With the end of the school year looming in Westbrook School Department in Maine, Superintendent Peter Lancia was trying to settle the budget. There was a large red entry in the ledgers: nearly $17,000 of lunch debt.
Lunch debt is common in school districts all over the country. Many schools, like those in Westbrook, have a policy of feeding students whether or not they can pay on the spot. A lunch in these schools cost $2.30, so this total represented just shy of 7,400 meals, or approximately two meals per student across the entire district over the year.
About 60 percent of Westbrook students receive free or reduced-cost lunch due to household income and federal poverty guidelines. But those who do have to pay may not come from families that can afford to make those payments
“We want children to eat,” said Lancia in an interview with the Press Herald, based in nearby Portland, Maine. “We feed kids, and we settle the bills with parents later.”

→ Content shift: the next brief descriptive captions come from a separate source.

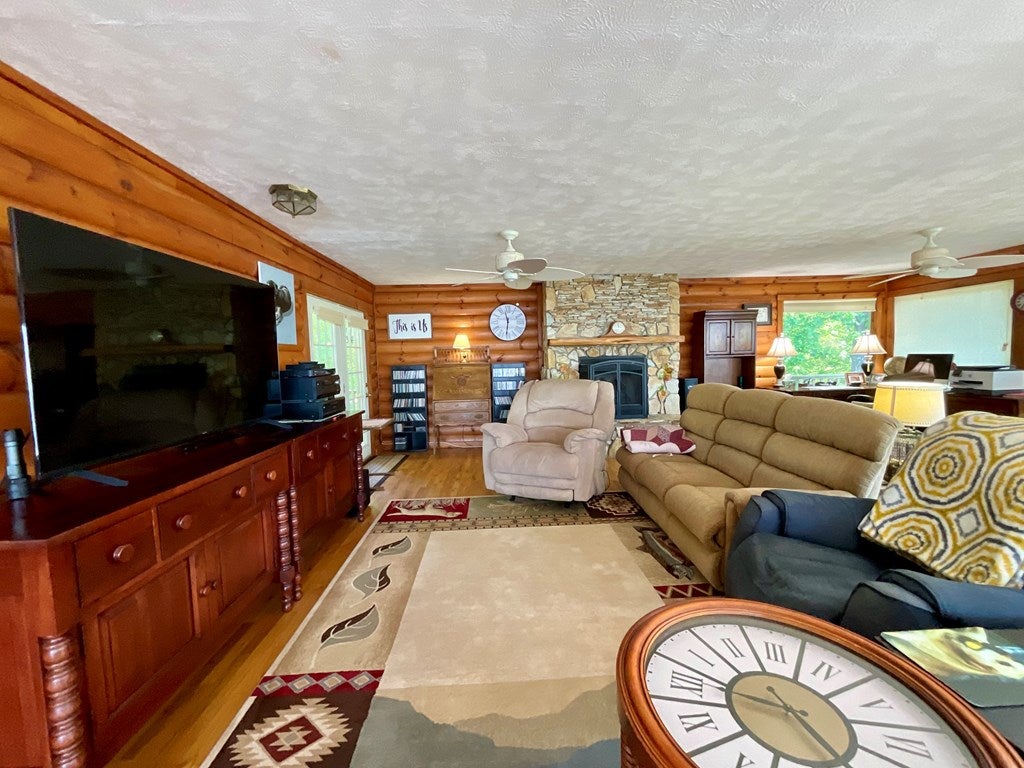 352 Dogwood Ridge Fancy Gap, VA 24328 - Photo 30 of 66 Gallery Image 30
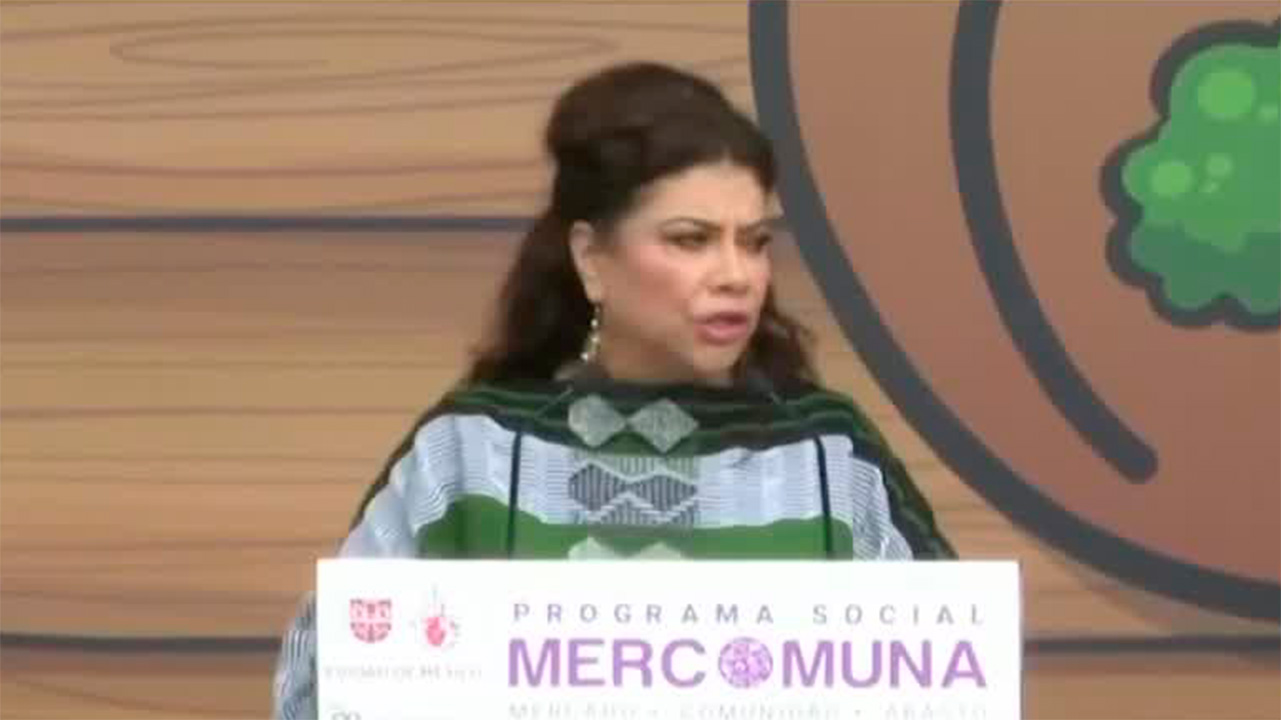 Clara Brugada continúa con la entrega de vales Mercomuna en Zócalo de CdMx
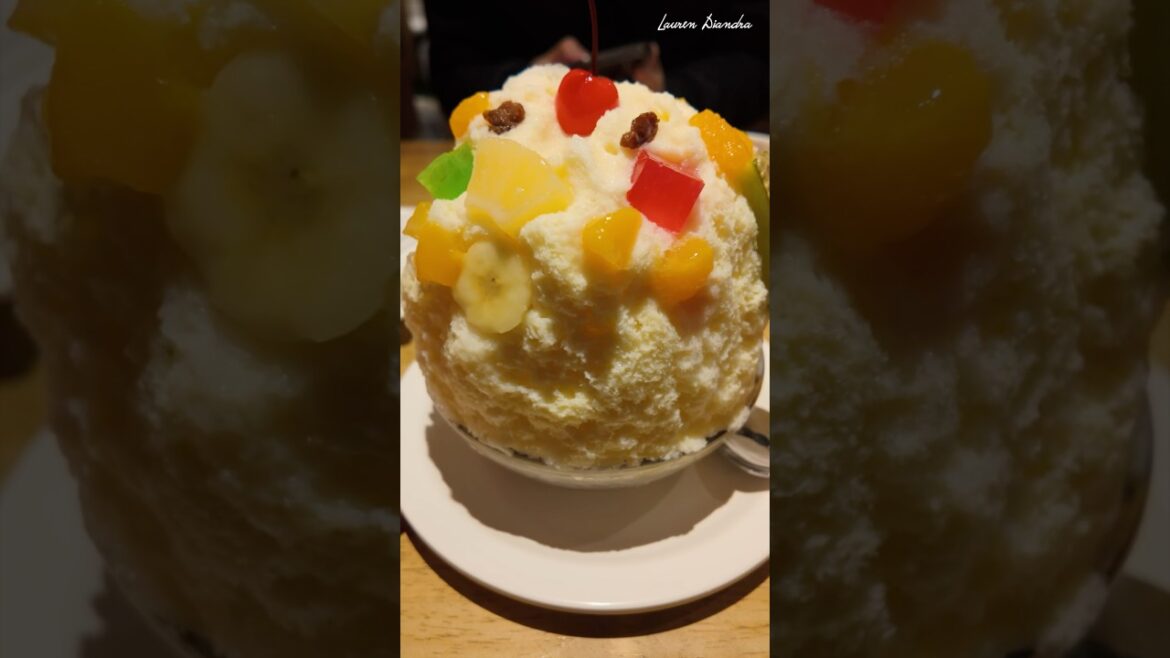 Kagoshima’s MUST TRY Dessert 🇯🇵🍧🐻‍❄️ #japantravel #shirokuma #kyushu #kagoshimaeats #foodie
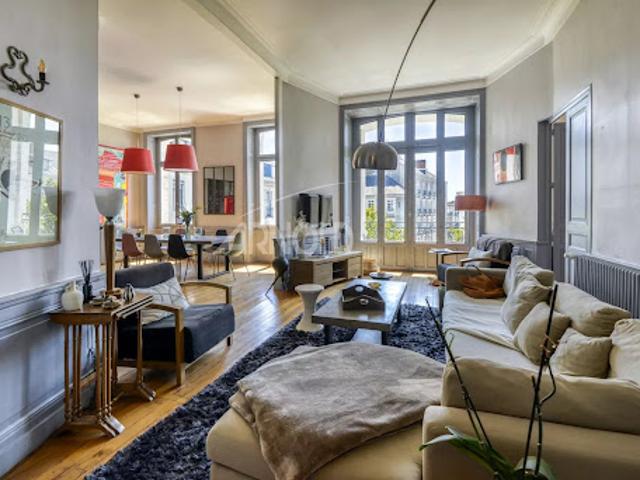 Vente Appartement 5 pièces 123.94 m2 Nantes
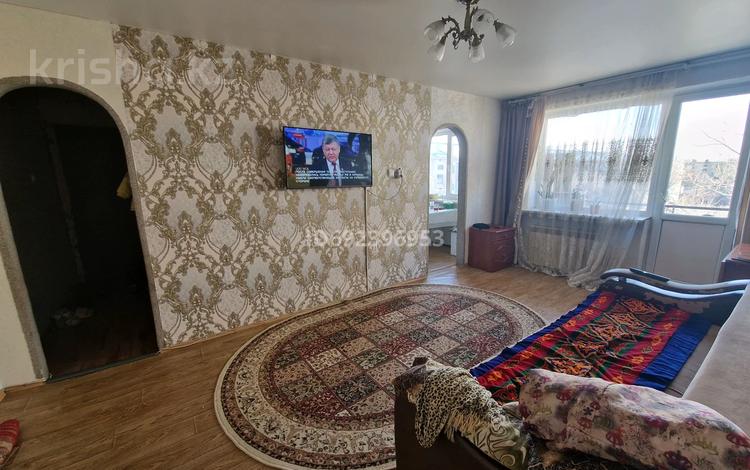 3-комнатная квартира, 58 м², 5/5 этаж, Кашаубаева 7а за 15 млн 〒 в Семее — фото 2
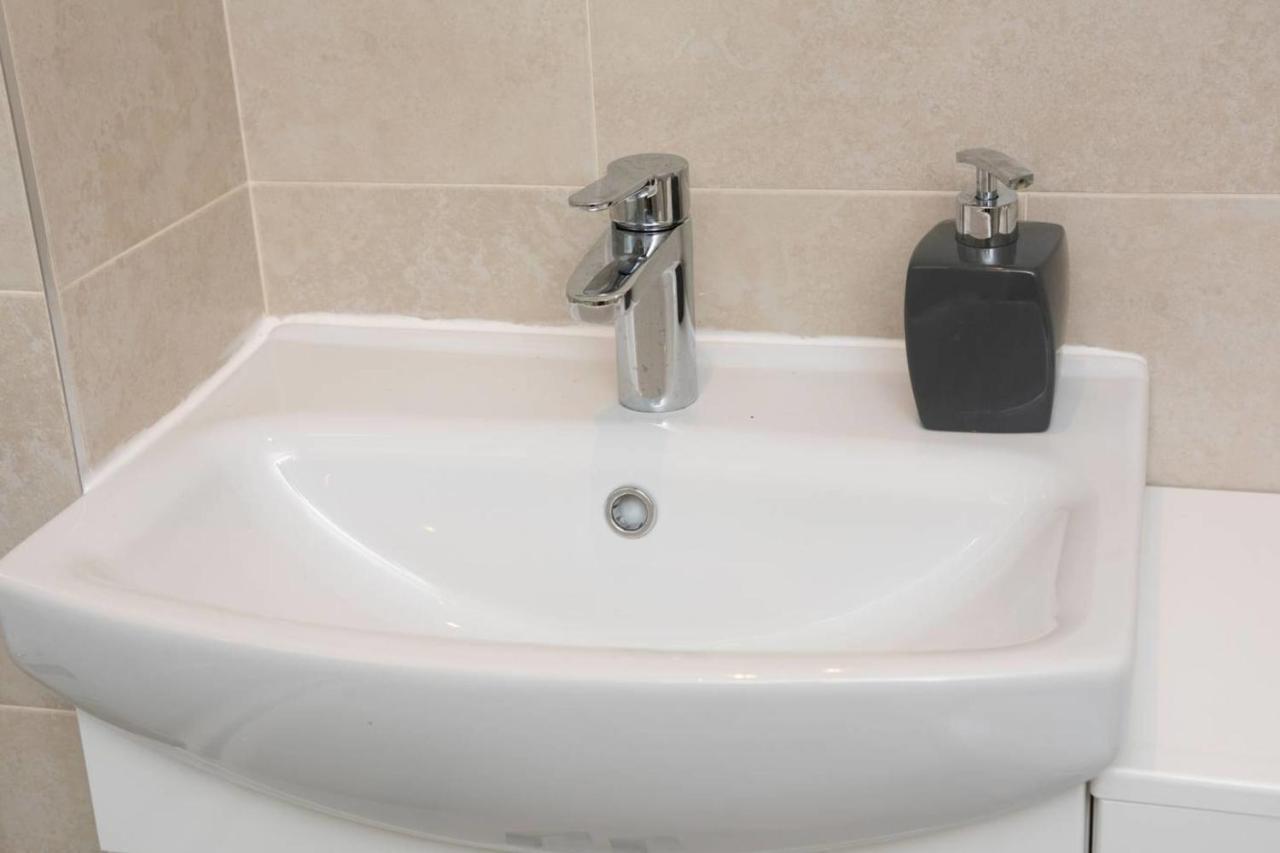 Guestready - Floor Apt 2min Walk To O2 Apollo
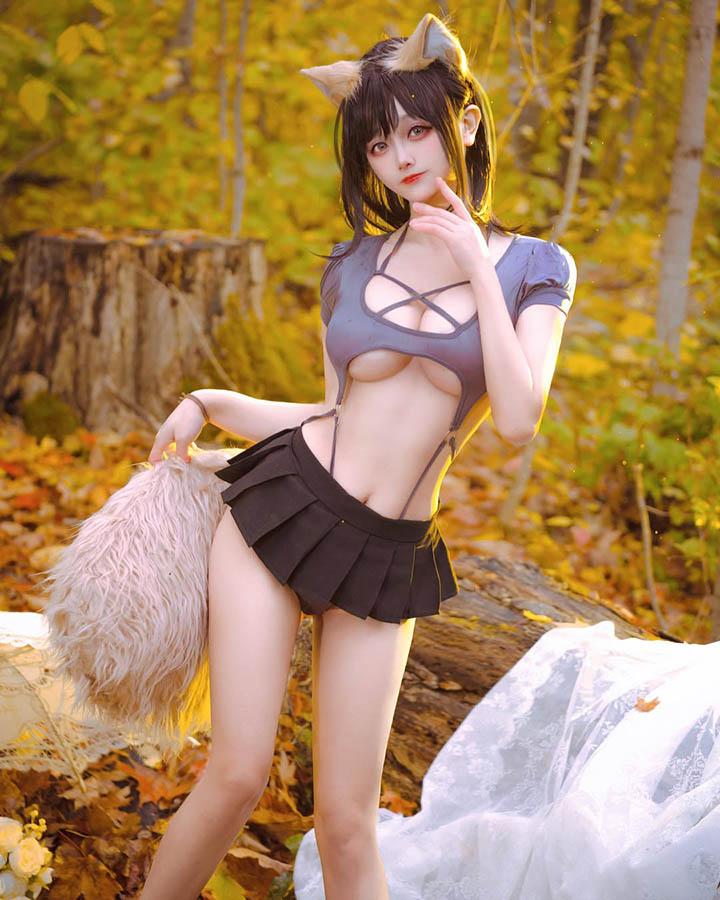 Diện váy cô dâu ngọt ngào, nữ coser lại khiến fan “bùng nổ thị giác”- Ảnh 8.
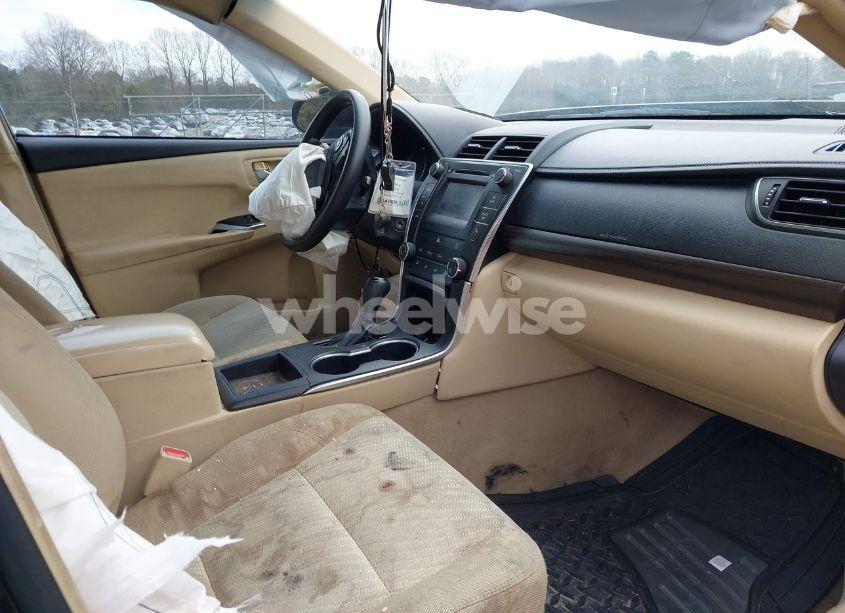 Photo 5 of 2017 Toyota Camry LE (VIN 4T1BF1FK3HU684127)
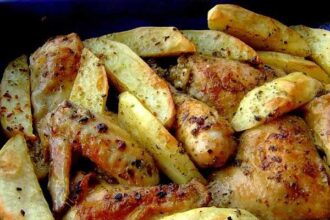 Receta de Pollo Griego con Papas al Limón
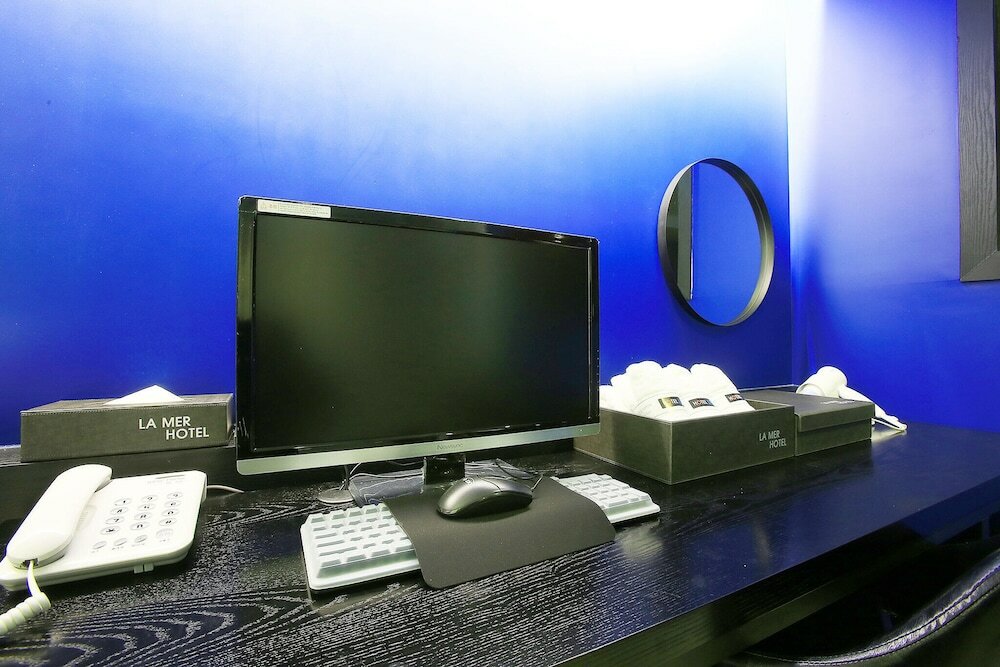 Фото Suwon City Hall Station Rose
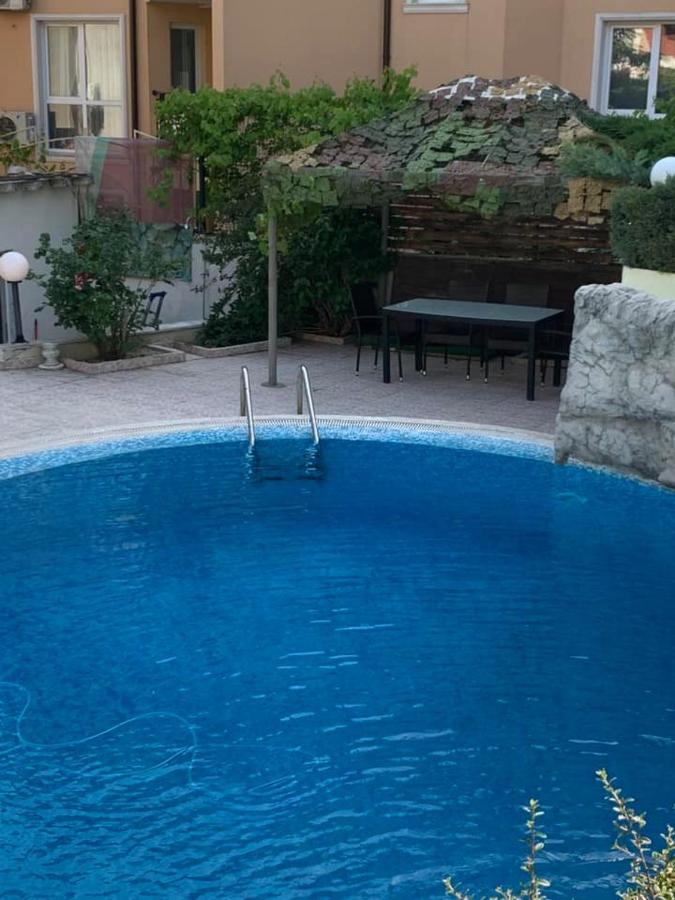 Семеен Хотел Брилянс - Family Hotel Brilliance Varna Esterno foto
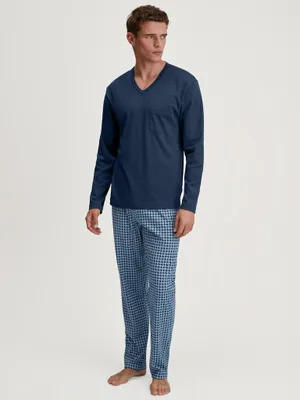 Produktbild von Calida Herren Pyjama Set, langärmliges Oberteil & lange Hose, V-Ausschnitt, Brusttasche, blau gemustert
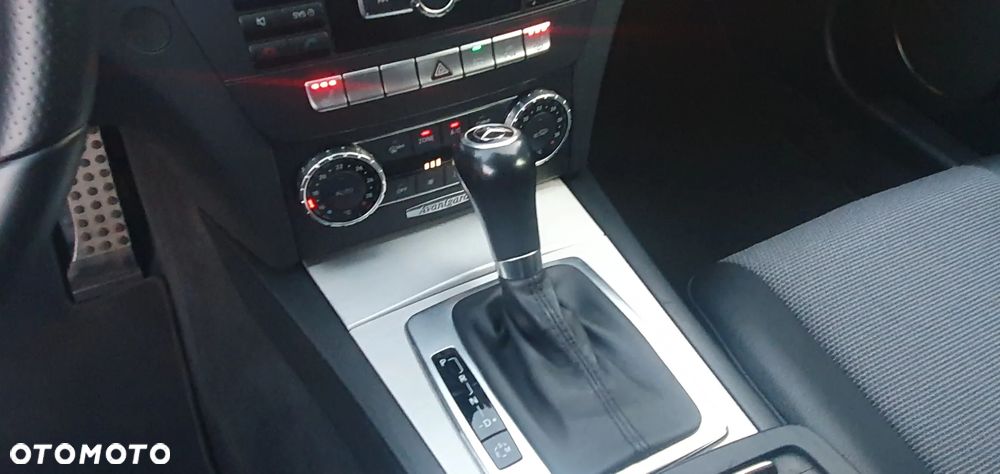 Mercedes-Benz Klasa C 180 Kompressor Automatik BlueEFFICIENCY Avantgarde - 21
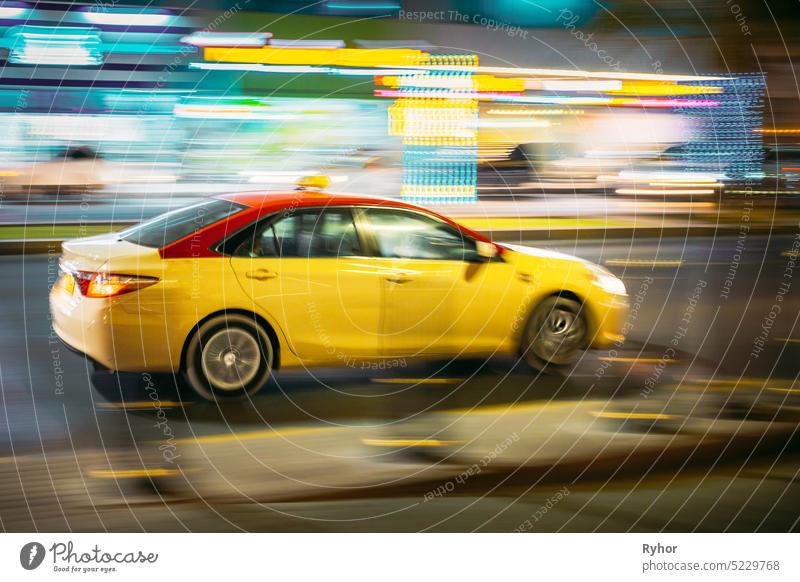 Speeding Taxi Auto schnelles Fahren in der Stadt Straße. Bewegung Unschärfe Hintergrund Emirate uae Vereinigte Arabische Emirate Automobil schön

In Maine, many people work full-time—or sometimes more than full-time—at low-paying jobs that put them just above the line for free or reduced-cost lunch.
“We have a lot of people who are living paycheck to paycheck, and they may not be able to make every end meet,” Lancia said.
But $17,000 is a large chunk of change, and while the schools take steps to reach out to parents whose lunch accounts are in arrears, they rarely recoup most of the debt.
Lancia was therefore astounded when an anonymous donor contacted the school on Monday, May 21, with an offer to cover more than half of the lunch debt. The donor’s follow-up was immediate—later that morning, a $10,000 check arrived at Lancia’s office.
“I’m not speechless often, and it was one of those moments,” he said.
The district is still deciding how to allocate the donation between its five schools. The amount will cover approximately 4,300 meals.
“We provide, oftentimes, the only stable meal for the day, the only guarantee for a meal, so I think this person just wanted to show her belief in kids and recognize that there are kids in need,” Lancia said of the donor, who requested to remain anonymous. “She was able to help them, and I am just really grateful she was able to do that.”